(Data in this exercise)

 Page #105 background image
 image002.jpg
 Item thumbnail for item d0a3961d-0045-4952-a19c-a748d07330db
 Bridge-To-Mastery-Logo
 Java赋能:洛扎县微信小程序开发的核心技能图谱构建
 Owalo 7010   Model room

(End Data in this exercise)

Task:
The required output is the exact run of lines from the one with "image002.jpg" through the final line of the entries.

Task result:
 image002.jpg
 Item thumbnail for item d0a3961d-0045-4952-a19c-a748d07330db
 Bridge-To-Mastery-Logo
 Java赋能:洛扎县微信小程序开发的核心技能图谱构建
 Owalo 7010   Model room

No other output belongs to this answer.